The Christmas tree stood in the living room of the Tarenton, Pa., home, lit with bright lights and decorated with colorful glass balls. George Pochon and his wife had decorated it alone while their five-year-old son, Jimmy, lay on a pile of pillows nearby. Jimmy smiled when he saw the finished tree, but he didn’t get out of his makeshift bed.
“Well, I won’t get out of bed today, Mummy, I’ll get out of bed tomorrow,” Jimmy said to his mother, according to an Associated Press report in December 1949.
His mother turned away from him so that Jimmy wouldn’t see the tears welling up in her eyes.
Jimmy had been good all year and he was hoping to have a merry Christmas with lots of gifts.
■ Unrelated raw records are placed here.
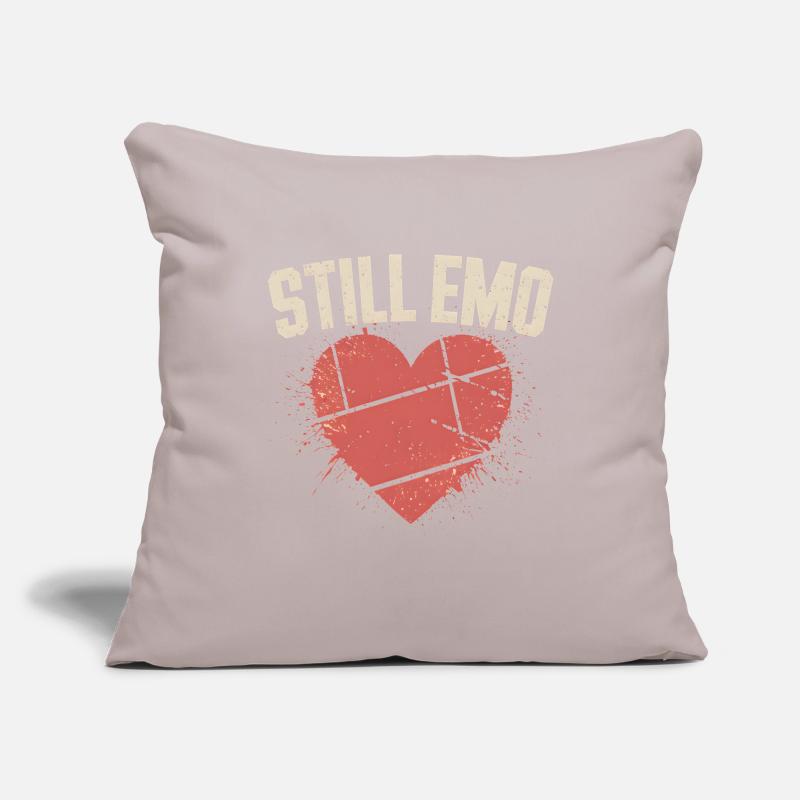 Still Emo! Emo Goth Alternative Sofakissenbezug 45 x 45 cm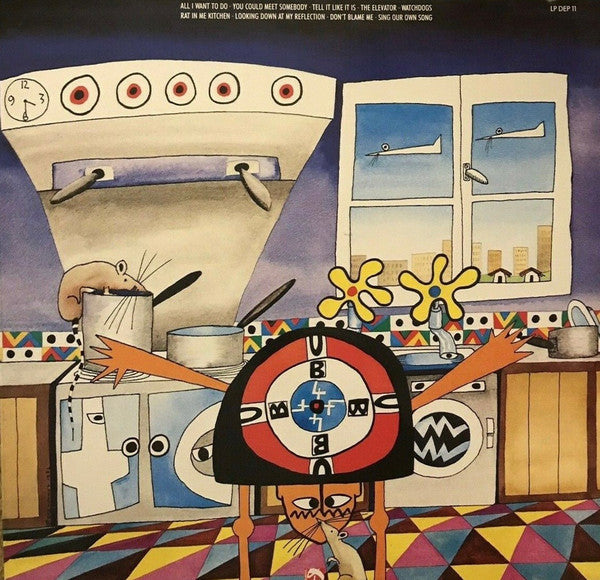 Release: Rat In The Kitchen-Vinyl-UK-1986-LP DEP 11-369731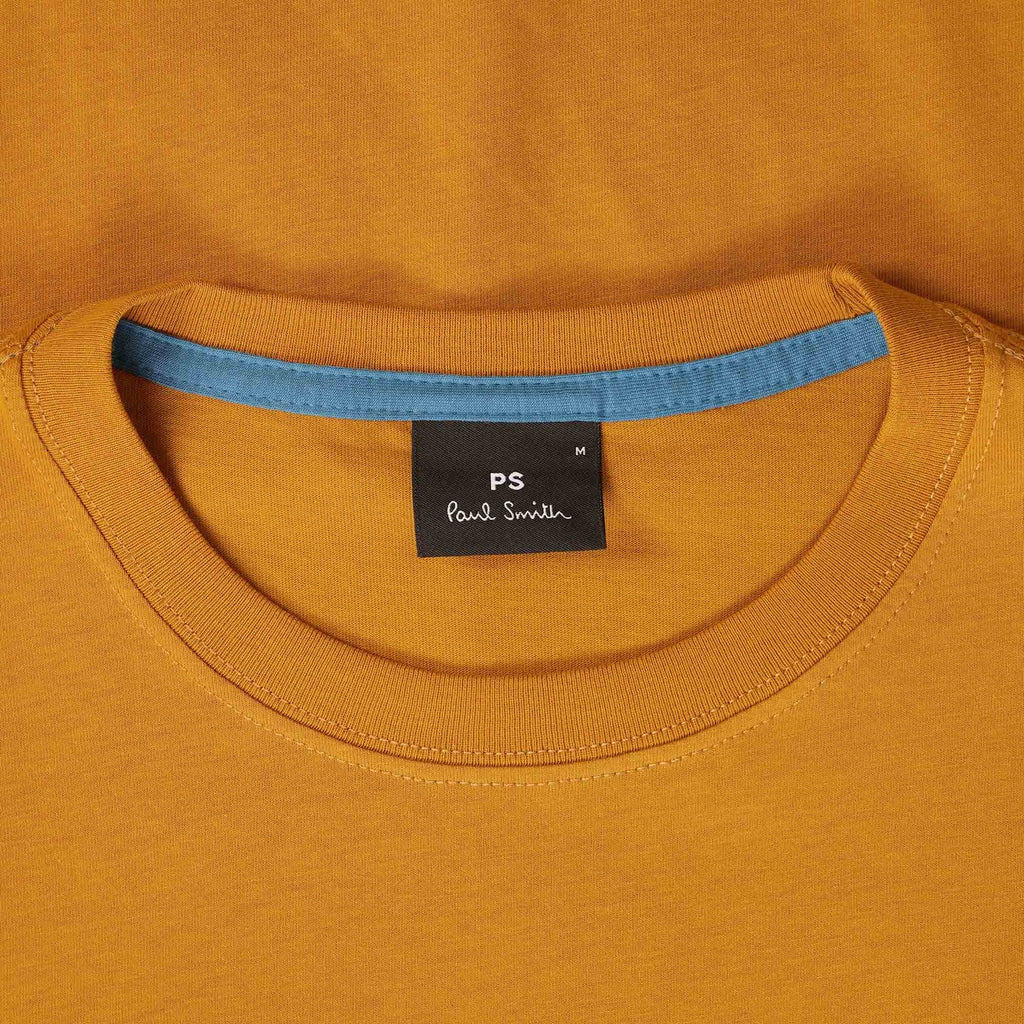 Paul Smith Zebra Logo T-Shirt - Golden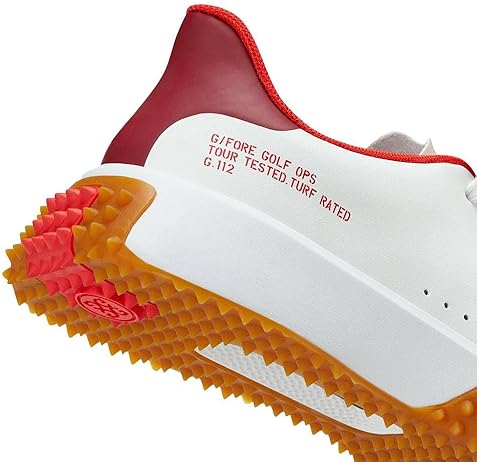 G/FORE G.112 P.U. Leather Golf Shoes with Kiltie Detail - Stylish Sneakers Women's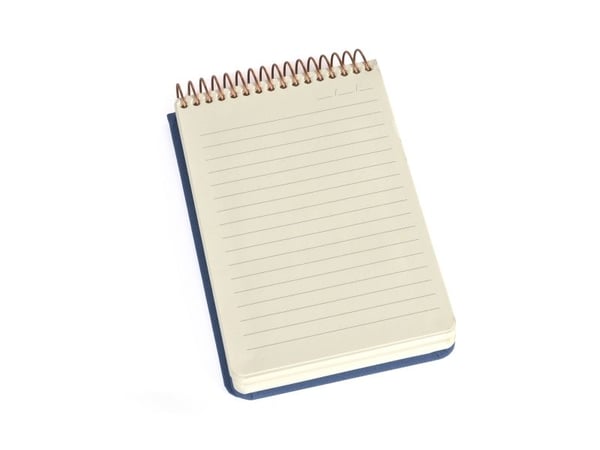 KOZO Notebook A6 Premium Navy168x105x22mm 0,169kg (1kpl)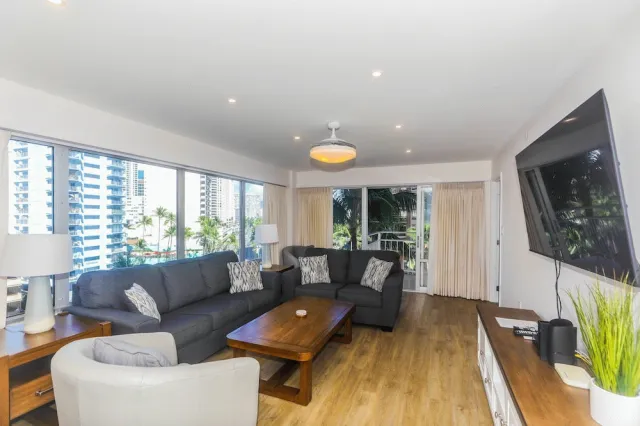 Hotellbilder av Fully Furnished Ilikai Tower 525 Condo With Free Wifi, Near Best Waikiki Beaches! by RedAwning - nummer 1 av 37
“I’ve been a good boy, so Santa’s going to see me before the other boys and girls,” Jimmy told the Associated Press writer.
And Jolly Old Saint Nick did. Santa paid a visit to Jimmy on Dec. 12, 1949, and brought Jimmy a dog.
“He sure did make a fuss over that dog,” George said. “That’s all he was asking for. He named him ‘Fluffy’ right off.”
However, the reason for Santa’s early visit was not because Jimmy had been so much better than the other children; the doctors had said Jimmy wouldn’t live to see Christmas.
Jimmy had been a normal five year old with blond hair and bright blue eyes until September. Then he fell ill and the doctors diagnosed him with cancer in his chest that had already destroyed part of one of his lungs.
The Pochons had taken their son to a hospital during the last week of November when Jimmy’s health worsened. The doctors were at a loss for what to do and so on December 9, the Pochons brought their young son home to die.
“There must be something, or someone somewhere who can save our boy,” George said to the Associated Press. “The Lord took our two other children from us I just know he won’t take Jimmy, too.” Jimmy’s siblings had died in childbirth.
However, if this was to be Jimmy’s final Christmas, the Town of Tarenton was determined to make it his best one. The Veterans of Foreign Wars Chapter threw him a huge Christmas party.
The Valley Daily News offered to pay for a trip to Chicago so Jimmy could be treated. A local union offered to pay for the treatment with an experimental betatron particle accelerator at University of Illinois.
Use of the betatron particle accelerator was limited to Illinois charity patients, though. So the governor of Pennsylvania sought to contact his counterpart in Illinois on behalf of the Pochons. The governor of Illinois was finally located in Washington D.C. He readily agreed to allow the Pochons access to the betatron machine.
The Pochons consulted with Dr. Andrew Ivy at the university and he had to give them the bad news.
“Dr. Ivy said the case is too far advanced – that the betatron treatment wouldn’t do any good. We don’t know what to do now. I suppose there will be another doctors’ consultation, but I know what the doctors will say – there’s no hope for Jimmy,” George Pochon said.
Unaware of the setback, Jimmy played happily with his toys and Fluffy while his life slowly slipped away.
Jimmy’s story had made national headlines, though. One of those stories was seen by a cancer specialist in New York City who offered to look at Jimmy. It was now less than two weeks before Christmas and Jimmy was expected to be dead within days. His parents could see him fading before their eyes.
The Pochons took the only hope available and went to New York where Jimmy was admitted to Cancer Memorial Hospital for treatment.
Christmas came and went and Jimmy was still alive. Then the new year came and Jimmy was still alive. After a month in the hospital, he left, greatly improved and with his cancer in remission. He continued to return for monthly treatments, but when Christmas 1950 came around, the now six-year-old Jimmy had to celebrate it on December 25, along with all the other healthy boys and girls.